Rapid diagnosis of viral respiratory infections has become increasingly necessary for clinicians not only for therapeutic reasons but also for improvement of patient care outcomes such as nosocomial infection control and patient management (1, 8). This would avoid the use of unnecessary antimicrobial therapy, leading to decreases in costs and in the durations of hospital stays (8, 17).

Laboratory methods for identification of the main RVs by cell culture are too slow to provide useful clinical information. The SV assay represents a remarkable advance since it shortens the time needed to obtain results compared with the time required for the traditional TC, although for the SV assay separate tests must be run for each suspected virus (specific cell lines and identification reagents are needed).

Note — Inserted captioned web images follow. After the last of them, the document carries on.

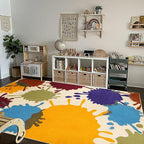 Large Area Rug for Living Room, 8'x10' Rainbow Kids Rug for Classroom, Colorful Art Washable Rug for Bedroom, Non-Slip Ink Splotch Nursery Rug Soft Modern Living Room Carpet for Dorm School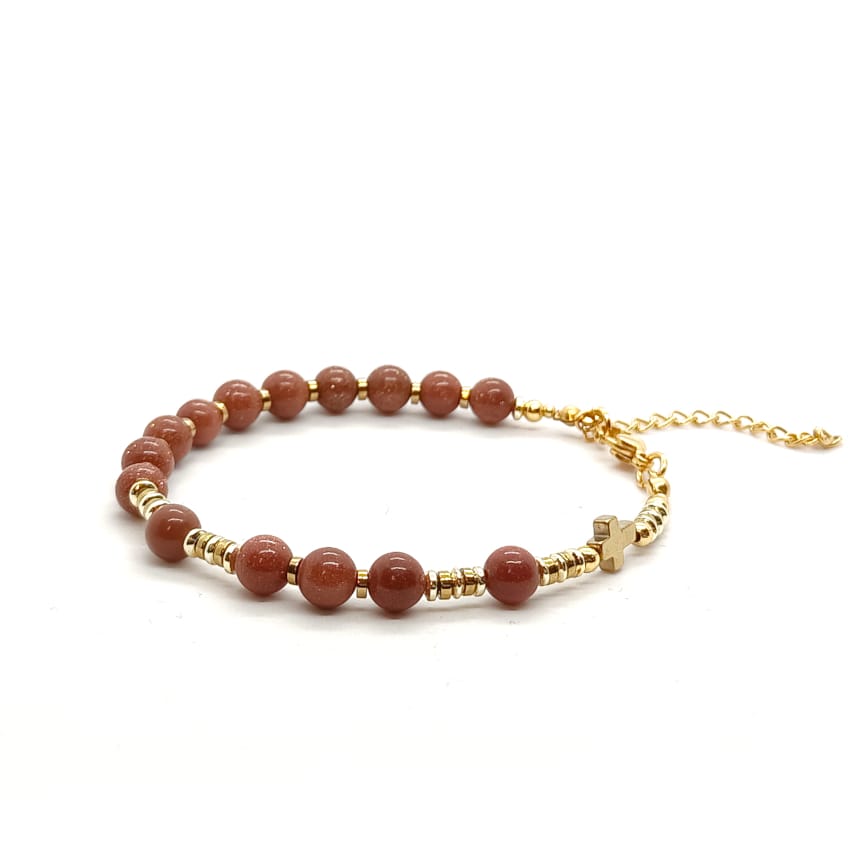 Bransoletka różaniec (10tka) Piasek pustyni 16,5-20,5cm KAM1201 Stal chirurgiczna pozłacana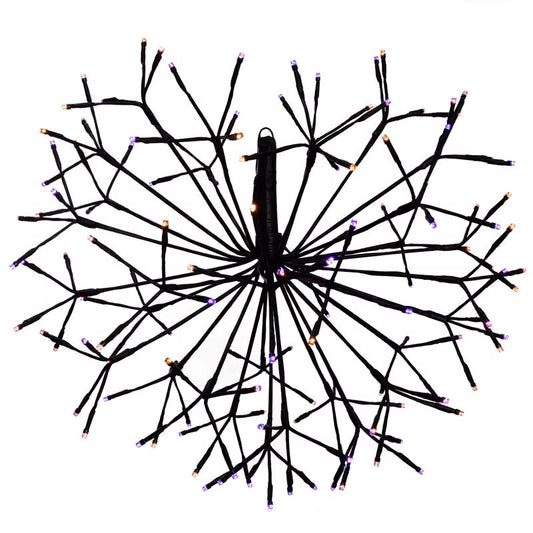 Celebrations Orange/Purple 20 in. LED Prelit Shimmering Sphere Halloween Decor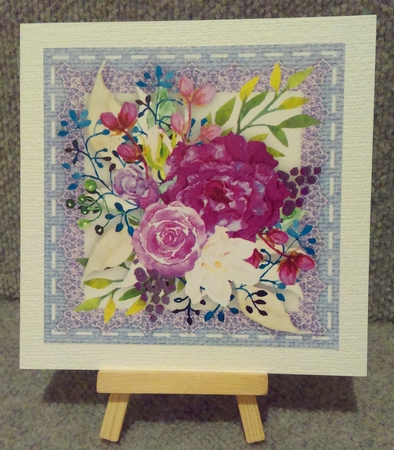 2 Beautiful Stitched  Burlap frames with Roses  by Karen Bowes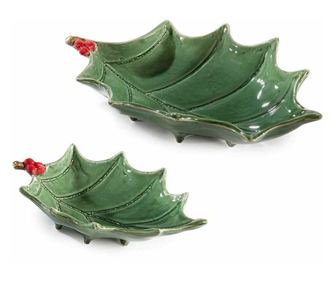 Set od 2 keramičke posude zelene i crvene boje 17x28,5x6 cm, 13x19,5x5 cm
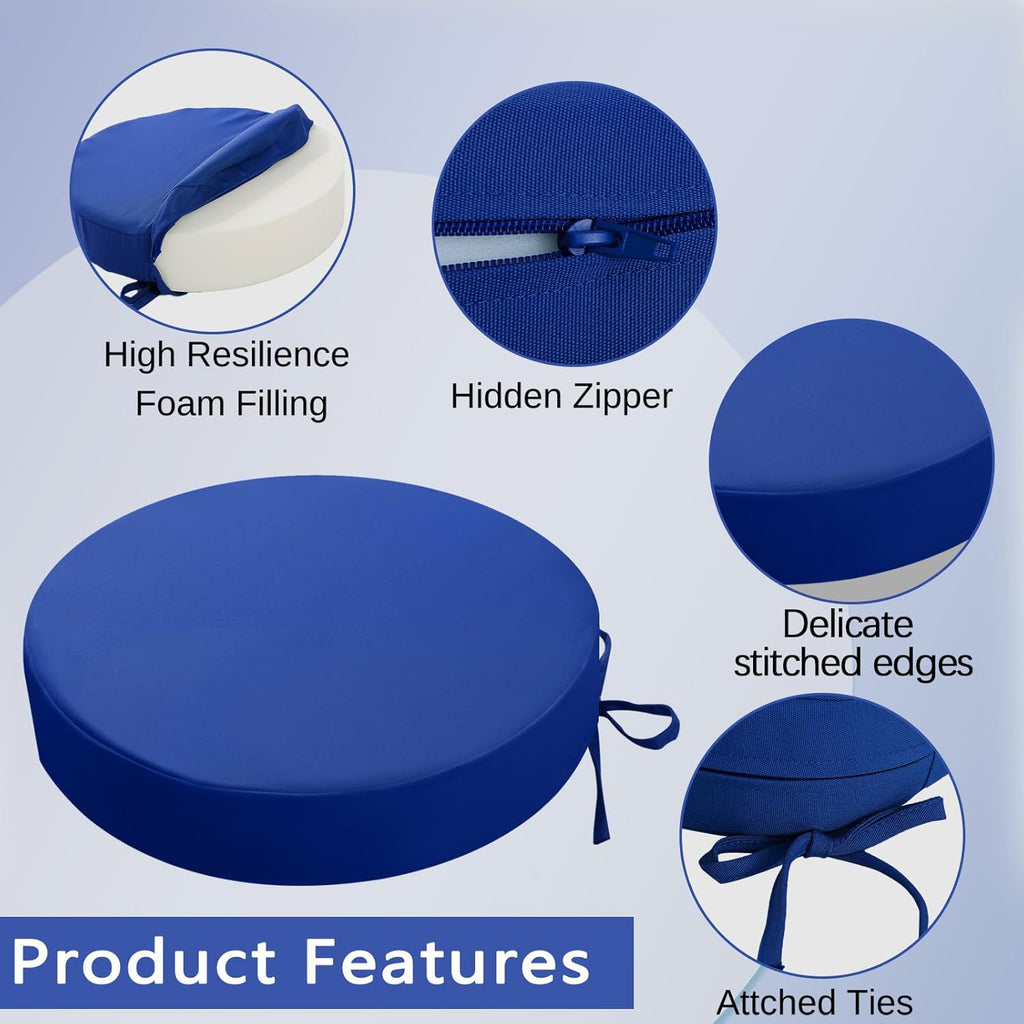 idee-home Outdoor Bistro Chair Cushions, 15”x15”x 3” Thick Outdoor Round Seat Cushions Set of 4 with Ties, Waterproof Round Patio Furniture for Garden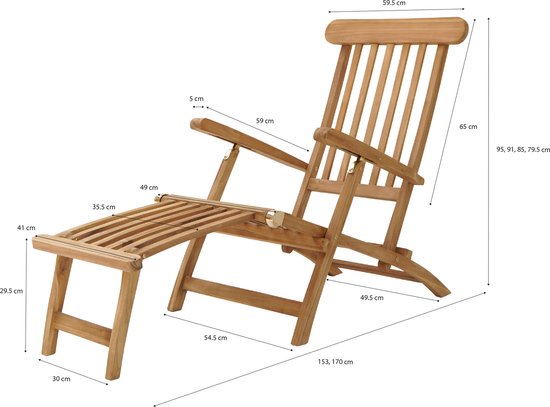Chaise longue AXI Costa en teck – Chaise longue en bois – Dossier à 4 positions – 170 x 59 cm
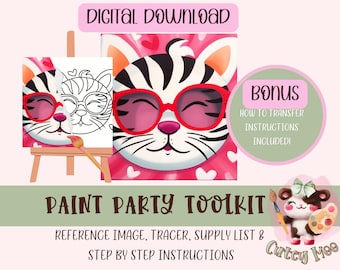 Valentine's Day DIY Paint Party | Adult Painting |Pre-Drawn | Art Party Paint Kit | Sip & Paint | Digital Download File, Paint Party Toolkit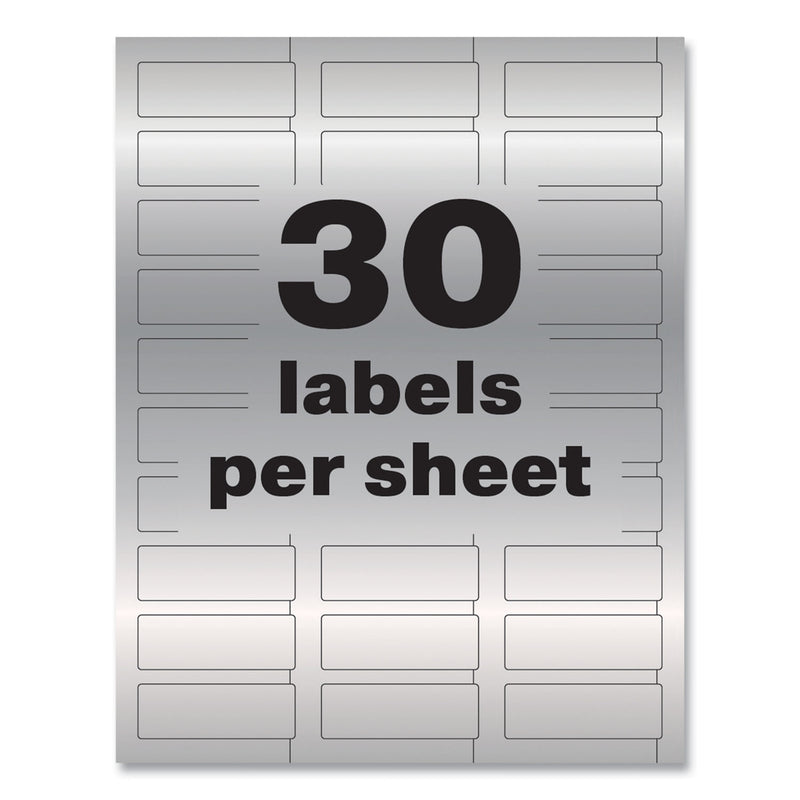 Avery PermaTrack Metallic Asset Tag Labels, Laser Printers, 0.75 x 2, Metallic Silver, 30/Sheet, 8 Sheets/Pack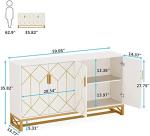 Storage Cabinet with Storage Shelves for Living Room, Modern Sideboard Buffets Cabinets Coffee Bar, White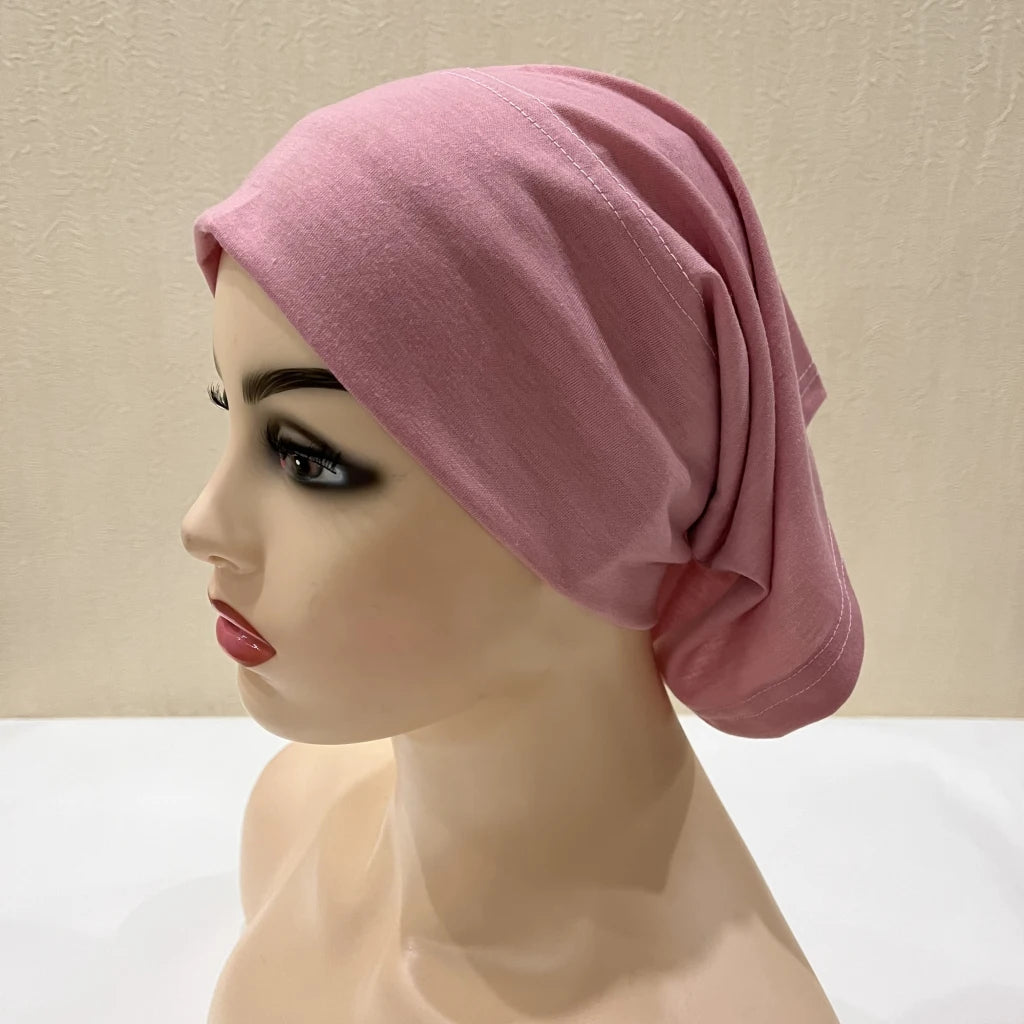 Traditional Ladies Pure Color Stretch Head Scarf Under Hijab Bonnet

The use of monoclonal antibody pools for presumptive identification of viral infections greatly simplifies the SV assay (9, 13, 14). Theoretically, this technique could be improved by using monoclonal antiserum pools labelled with different fluorochromes which would allow final viral identification in a single step (2, 11). These reagents are not easily available, and the need for a fluorescence microscope versatile enough to detect all the fluorochromes makes this approach difficult (11).

The use of monkey kidney primary cells (RMKs) for the SV assay for the identification of RV has been reported (2). This cell line has a wide spectrum of sensitivity to viral infection, although some viruses greatly involved in human pathology, such as AD and RSV, have shown low yields with this cell line (5). On the other hand, RMKs are difficult to manage, and the lot-to-lot variability for RMKs is greater than that for continuous lines.

The results obtained by the CoHLM SV assay are similar to those reported in tests for each virus performed independently (9, 13, 14). Thus, we consider this approach to be useful for laboratories capable of maintaining continuous cell lines, due to its high sensitivity and ease of use. The CoHLM SV assay allows a rapid diagnosis of most acute RV infections by inoculation of each specimen into a single vial that contains a cellular environment sensitive to the seven viruses mainly involved in human respiratory pathology.

Recent studies have reported that other cell lines could be as sensitive as MDCK, LLC-MK2, and HEp-2 cells to RVs (6, 15), although further studies would be necessary to evaluate the application of simultaneous culture in a single vial to other cells.